This is the negative gradient of the loss function, and it guides how to adjust the prediction to reduce the loss. The gradient represents the changes needed to the log-odds (natural logarithm of the ratio of the probability of an event happening to the probability of it not happening) of the predictions for the model to improve its accuracy. A positive gradient means the model should increase the log-odds of the particular instance being in the positive class (1) while a negative gradient suggests that the model should decrease the log-odds. It is important to remember that in Gradient Boosting, the residual indicates how much change is needed in the log-odds (not directly in target probability) to reduce the loss.

So we take the first set of residuals, convert it to probabilities, and then for each one calculate the difference between the probability and the actual class (gradient of the log-loss function) to get the pseudo-residuals.

The first decision tree is then constructed on the training data. Unlike a standalone decision tree, instead of predicting the actual target label, it attempts to predict the gradient of the loss function relative to the model’s predictions. Essentially, for this initial tree, it tries to predict the errors or differences between its own predictions and the true values. Practically, this means that instead of feeding the tree the dataset and labels, we feed it the dataset and pseudo-residuals.

The goal of the first tree is to predict these residuals as accurately as possible. Once it’s trained, for each sample in the dataset, we get the prediction of the decision tree. This prediction is then multiplied by a learning rate (between 0 and 1). If we consider \(F_m(x_i)\) the prediction of the model for the \(ith\) instance of \(x\) after \(M\) boosting iterations, the scaling of the contribution of that tree is defined as:

\[F_m(x) =F_{m-1}(x) + vh_m(x)\]Where \(v\) is the learning rate and \(h_m\) is the newly added tree.

The ensemble’s prediction is then updated with the prediction of the new tree, via weighted sum. Effectively, this means updating the first set of residuals with the first tree’s predictions for each sample, scaled by the learning rate.

The same process of converting the now updated residuals into probabilities using the sigmoid function and then calculating the pseudo-residuals is followed; and a second tree can be constructed to predict these pseudo-residuals, thus learning from the mistakes of the first tree. Similarly, once it’s trained, its own predictions will be scaled based on the learning rate and used to update the ensemble’s predictions.

The process of adding a new tree, calculating the pseudo-residuals, training the tree, scaling the tree’s predictions and updating the residuals of the ensemble is repeated until a specified maximum number of trees is reached or until adding more trees does not significantly decrease the loss function. The model then outputs its prediction, which is the weighted sum of predictions from all the trees in the ensemble up to that point. This total can be any number on the number line and can be represented as:

\[F_m(x) = \sum_mh_m(x_i)\]For classification tasks, we want a probability between 0 and 1, not any real number. Therefore, the result of the sum needs to be converted into a probability. To do so, we need to map the value of the prediction \(F_m(x_i)\) to a class or a probability, based on the loss function. The probability that a given instance of \(x\) belongs to the positive class (1) is:

\[p(y_i=1|x_i) = \sigma(F_m(x_i))\]where \(\sigma\) is the sigmoid function of \(F_m(x_i)\).

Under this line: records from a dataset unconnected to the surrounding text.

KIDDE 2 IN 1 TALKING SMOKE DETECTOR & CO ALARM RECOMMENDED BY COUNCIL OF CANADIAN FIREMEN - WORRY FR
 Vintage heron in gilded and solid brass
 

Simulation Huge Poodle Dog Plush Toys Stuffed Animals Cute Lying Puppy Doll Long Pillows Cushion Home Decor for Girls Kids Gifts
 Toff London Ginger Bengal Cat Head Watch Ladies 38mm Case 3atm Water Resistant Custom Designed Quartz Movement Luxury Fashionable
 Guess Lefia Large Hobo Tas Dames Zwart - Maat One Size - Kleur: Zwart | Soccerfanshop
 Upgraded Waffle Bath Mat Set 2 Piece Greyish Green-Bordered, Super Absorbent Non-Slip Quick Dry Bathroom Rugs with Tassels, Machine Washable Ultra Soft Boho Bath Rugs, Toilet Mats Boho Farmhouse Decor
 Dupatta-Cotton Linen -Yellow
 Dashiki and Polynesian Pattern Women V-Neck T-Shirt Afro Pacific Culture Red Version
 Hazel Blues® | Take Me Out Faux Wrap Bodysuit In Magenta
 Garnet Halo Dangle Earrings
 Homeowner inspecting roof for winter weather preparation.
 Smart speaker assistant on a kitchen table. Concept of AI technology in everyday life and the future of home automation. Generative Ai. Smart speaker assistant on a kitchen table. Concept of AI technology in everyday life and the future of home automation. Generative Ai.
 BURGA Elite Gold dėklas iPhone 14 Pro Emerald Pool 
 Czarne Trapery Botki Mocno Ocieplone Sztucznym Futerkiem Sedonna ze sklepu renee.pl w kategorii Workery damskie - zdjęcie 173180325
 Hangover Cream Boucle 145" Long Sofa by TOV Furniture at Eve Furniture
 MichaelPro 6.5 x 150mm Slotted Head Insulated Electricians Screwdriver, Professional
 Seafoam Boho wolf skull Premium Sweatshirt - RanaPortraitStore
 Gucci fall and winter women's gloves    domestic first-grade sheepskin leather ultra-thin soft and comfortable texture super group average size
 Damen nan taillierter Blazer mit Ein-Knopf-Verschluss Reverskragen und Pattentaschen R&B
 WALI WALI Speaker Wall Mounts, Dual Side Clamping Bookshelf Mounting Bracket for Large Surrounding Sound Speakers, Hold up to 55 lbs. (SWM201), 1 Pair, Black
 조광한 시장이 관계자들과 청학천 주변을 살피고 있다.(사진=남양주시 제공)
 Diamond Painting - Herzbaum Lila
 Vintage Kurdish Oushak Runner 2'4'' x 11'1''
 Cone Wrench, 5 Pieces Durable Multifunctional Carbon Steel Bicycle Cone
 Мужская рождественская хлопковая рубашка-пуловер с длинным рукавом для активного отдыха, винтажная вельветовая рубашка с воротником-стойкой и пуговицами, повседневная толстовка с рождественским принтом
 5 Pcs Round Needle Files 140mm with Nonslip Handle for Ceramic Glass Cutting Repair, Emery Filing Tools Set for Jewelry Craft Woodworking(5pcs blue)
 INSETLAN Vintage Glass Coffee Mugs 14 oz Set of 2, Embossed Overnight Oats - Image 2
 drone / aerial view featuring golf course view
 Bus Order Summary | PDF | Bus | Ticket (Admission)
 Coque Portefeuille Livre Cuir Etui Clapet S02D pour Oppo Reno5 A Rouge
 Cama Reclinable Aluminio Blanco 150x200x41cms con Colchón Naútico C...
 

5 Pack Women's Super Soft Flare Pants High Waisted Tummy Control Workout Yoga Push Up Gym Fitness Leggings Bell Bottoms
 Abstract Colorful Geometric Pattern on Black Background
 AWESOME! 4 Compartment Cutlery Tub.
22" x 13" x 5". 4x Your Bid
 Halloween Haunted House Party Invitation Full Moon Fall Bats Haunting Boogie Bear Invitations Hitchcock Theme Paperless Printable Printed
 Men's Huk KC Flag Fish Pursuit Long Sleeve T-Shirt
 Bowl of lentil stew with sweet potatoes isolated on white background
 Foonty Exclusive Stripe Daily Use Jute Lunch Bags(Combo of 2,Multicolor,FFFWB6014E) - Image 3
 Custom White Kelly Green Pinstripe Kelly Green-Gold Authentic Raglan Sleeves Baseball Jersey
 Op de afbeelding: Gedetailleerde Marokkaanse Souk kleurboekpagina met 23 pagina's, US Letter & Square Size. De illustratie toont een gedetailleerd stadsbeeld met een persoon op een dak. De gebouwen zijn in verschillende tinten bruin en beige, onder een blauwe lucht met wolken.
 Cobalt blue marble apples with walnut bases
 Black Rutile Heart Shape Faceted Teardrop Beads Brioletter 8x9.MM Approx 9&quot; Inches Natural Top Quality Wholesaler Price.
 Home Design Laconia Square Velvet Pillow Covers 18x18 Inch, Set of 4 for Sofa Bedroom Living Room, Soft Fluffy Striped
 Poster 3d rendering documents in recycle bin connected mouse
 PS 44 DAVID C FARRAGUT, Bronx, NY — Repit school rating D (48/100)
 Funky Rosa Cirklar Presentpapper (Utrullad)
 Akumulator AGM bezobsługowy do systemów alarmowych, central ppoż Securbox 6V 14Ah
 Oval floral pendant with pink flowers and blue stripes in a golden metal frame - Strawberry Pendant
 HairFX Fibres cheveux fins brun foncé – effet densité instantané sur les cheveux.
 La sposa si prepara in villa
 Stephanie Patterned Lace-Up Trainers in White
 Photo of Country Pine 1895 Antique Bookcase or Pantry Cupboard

This transformation helps determine which class a prediction belongs to by using a decision threshold, typically 0.5 for binary classification.

### Building a Gradient Boosting Classifier

Now that we have a good understanding of Gradient Boosting and gradient boosted trees, let’s leverage our `DecisionTree`

class and build a very simple `GradientBoostingClassifier`

of our own.
The `DecisionTree`

class here refers to an individual decision tree. For more information on decision trees and a simple sample implementation, check out our Machine Learning: An Introduction to CART Decision Trees in Ruby article .

Like with the `DecisionTree`

, we want a `train`

method and a `predict`

method. The difference is the `train`

method of the classifier will call the `DecisionTree`

’s `train`

method on the pseudo-residuals of the original data.

First, we’ll initialize three things we’ll need: the maximum number of trees to construct, the learning rate we want, and the maximum depth we want for each individual tree in the ensemble. We’ll need to store the trees in an array and to store the prediction.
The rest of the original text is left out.